Required work: With the exception of the pictures, transcribe the entire listing exactly.

Raw data:
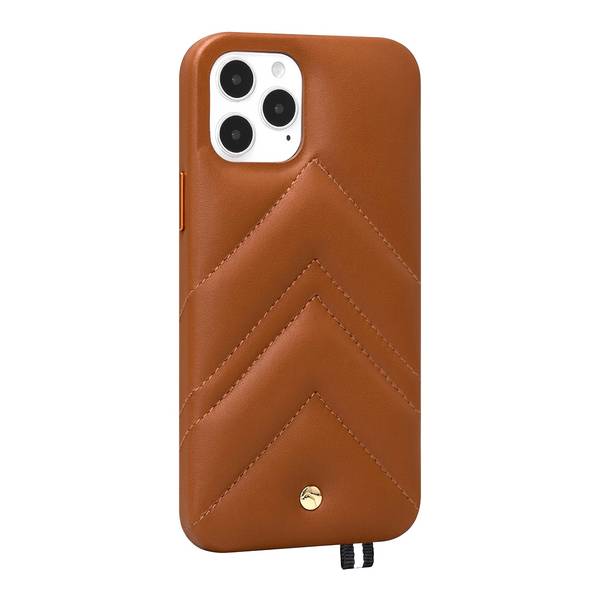 Coque pour iPhone 12 / 12 Pro en Cuir Louvre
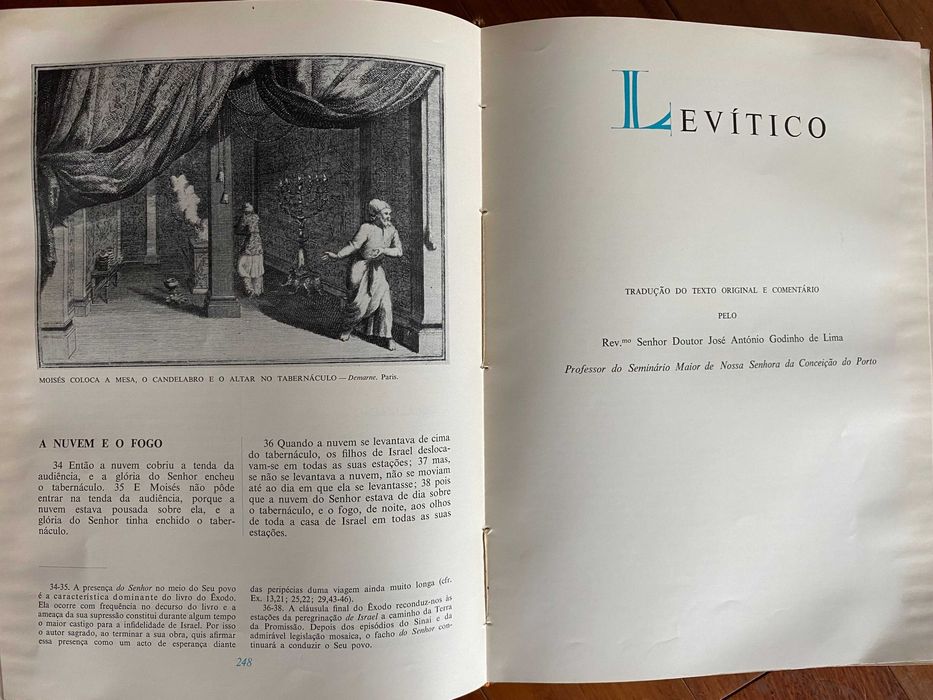 Bíblia Ilustrada(6 vols.)–Editorial Universus-Antigo e Novo Testamento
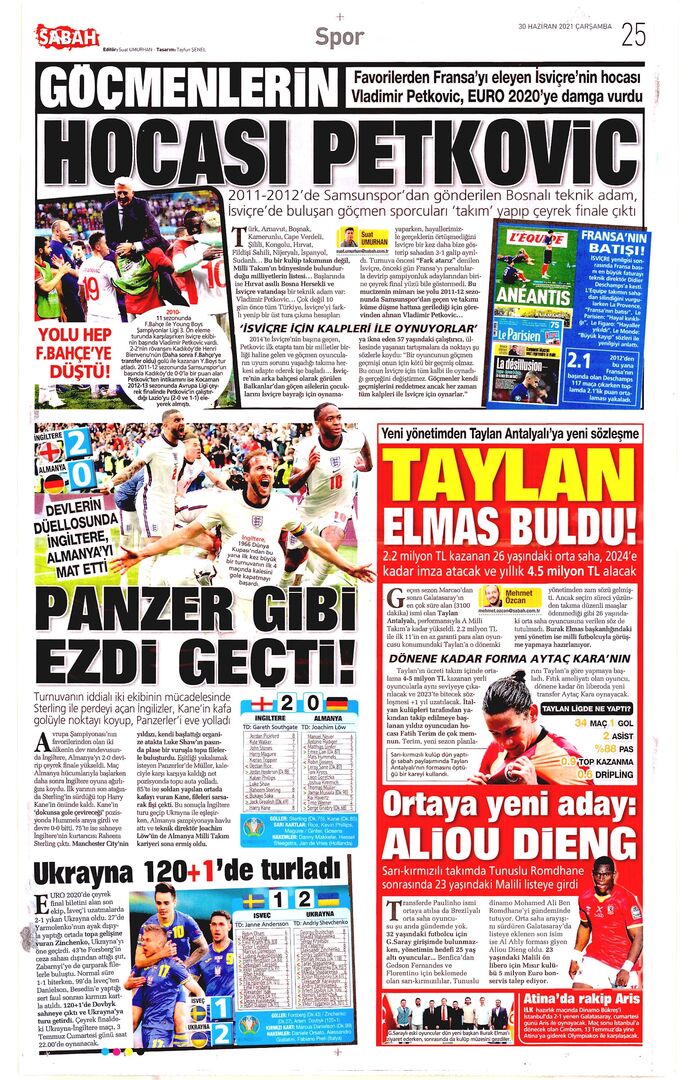 Sabah 30Haziran2021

Exercise solution:
 Coque pour iPhone 12 / 12 Pro en Cuir Louvre
 Bíblia Ilustrada(6 vols.)–Editorial Universus-Antigo e Novo Testamento
 Sabah 30Haziran2021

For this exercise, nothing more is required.